As I noted yesterday, the Trump from the Post story is the classic Trump of Trump’s imagination – high-energy, dominating, ass-kicking. In practice, when we’ve seen Trump meet up with people he’s criticized publicly his demeanor is usually very different – think of his meeting with the President of Mexico. So which is it?
I talked to a number of people in a position to shed light on the meeting. What I was able to gather was that to a significant extent the Post account is accurate – to the extent of Trump’s remarks about the lying press, the deceitful, dishonest press and the like, calling out individuals. But from what I can gather the tone of the encounter was significantly different.
Trump wasn’t a on rage bender. He didn’t yell. His face wasn’t red. It was more razzing and taunting than an angry tirade. This wasn’t a different Trump, rising to or chastened by the realities of the presidential office. It was exactly the same Trump we’ve seen for the last 18 months and perhaps the last 40 years: I won. You lost. Now I call the shots. You’re all liars and dishonest and it’s terrible. So you need to fall in line.
The key thing that came out to me from multiple conversations is one basic message from Trump. To Trump, the fact that most of the news media missed his surprise win (thinking until early election night that Clinton was a strong favorite to win) means that all their pre-election coverage is therefore discredited. It was bad and it was wrong. To be clear, not the horse race or polling coverage which certainly took a real hit – but all the non-horse race reporting. And because all their coverage is discredited – Katy Tur’s, CNN’s, everybody’s – that the news media owes him an apology moving forward.

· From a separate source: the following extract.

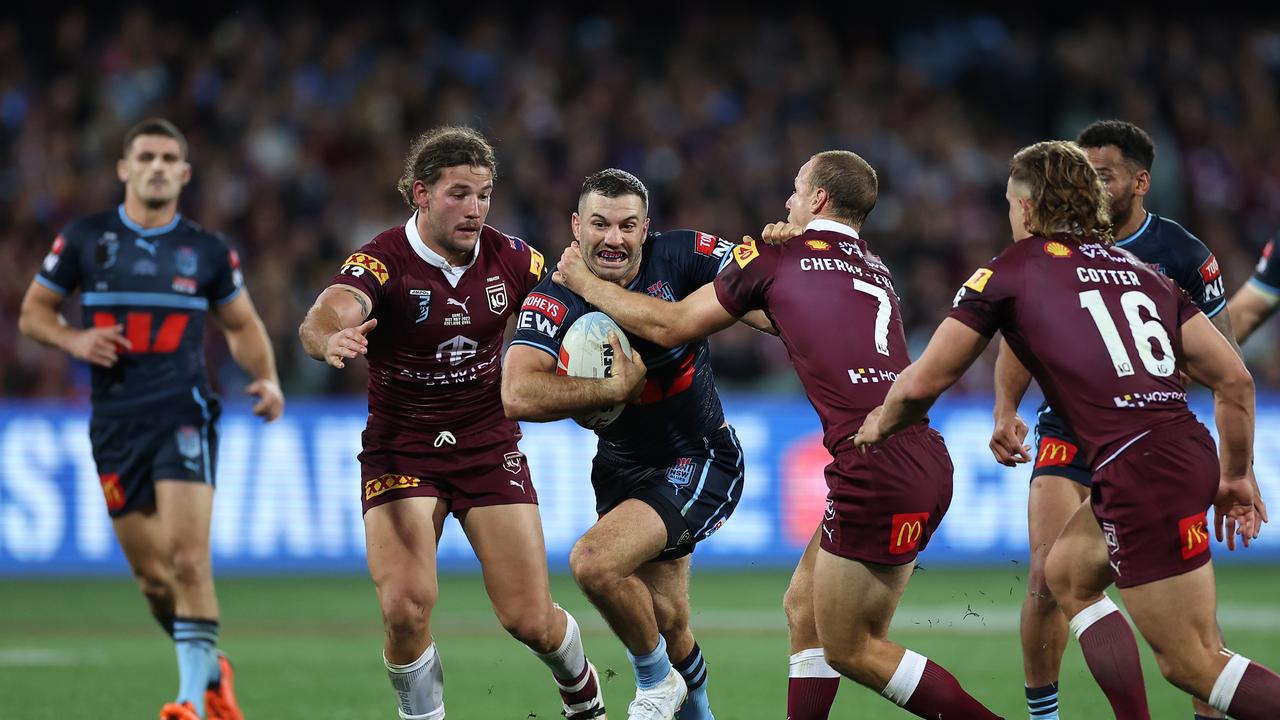 ADELAIDE, AUSTRALIA - MAY 31: James Tedesco of the Blues is tackled during game one of the 2023 State of Origin series between the Queensland Maroons and New South Wales Blues at Adelaide Oval on May 31, 2023 in Adelaide, Australia. (Photo by Cameron Spencer/Getty Images)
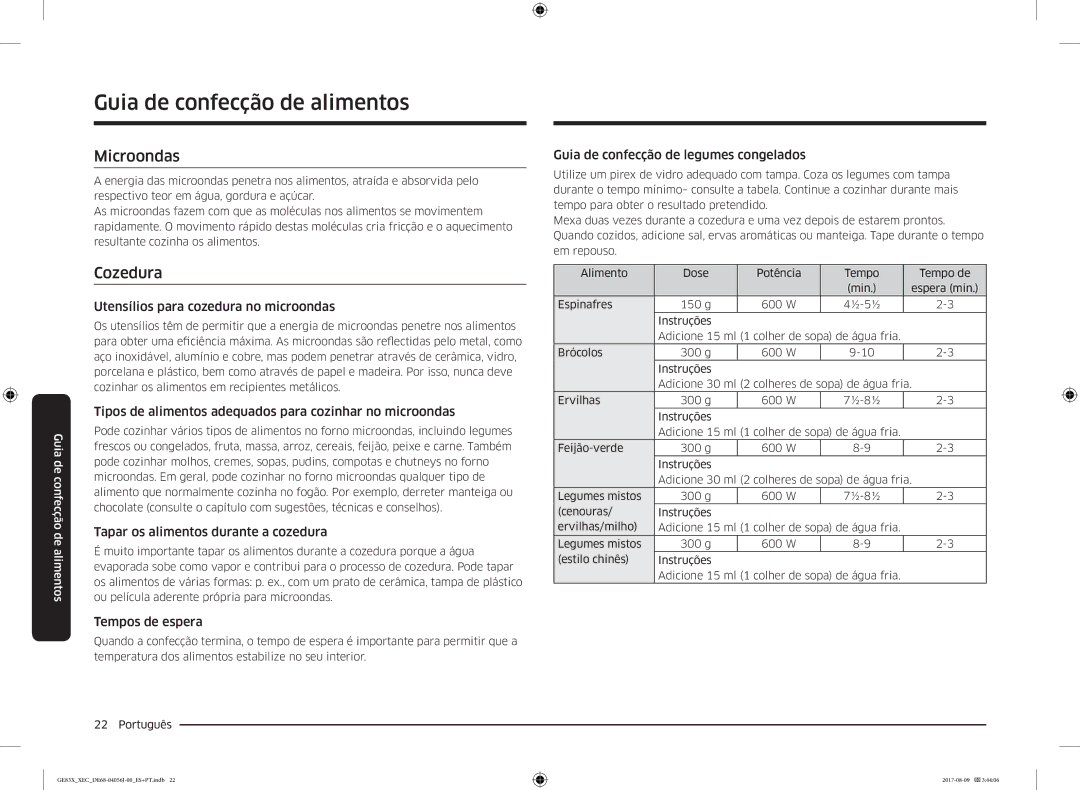 Samsung GE83X/XEC manual Guia de confecção de alimentos, Cozedura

What I also picked up was that through all the insults, demands for apologies and calling out individuals, Trump was still in his accustomed mode of looking for praise, approbation, friends.
At a basic level, Trump clearly doesn’t understand what the news business does or what the first amendment is. This is obvious from what we’ve seen on the campaign trail, Trump’s insistence in at least threatening frivolous legal action against every story he doesn’t like.
Whether Trump acts on his belief that the press needs to apologize to him isn’t clear. But that’s where he is.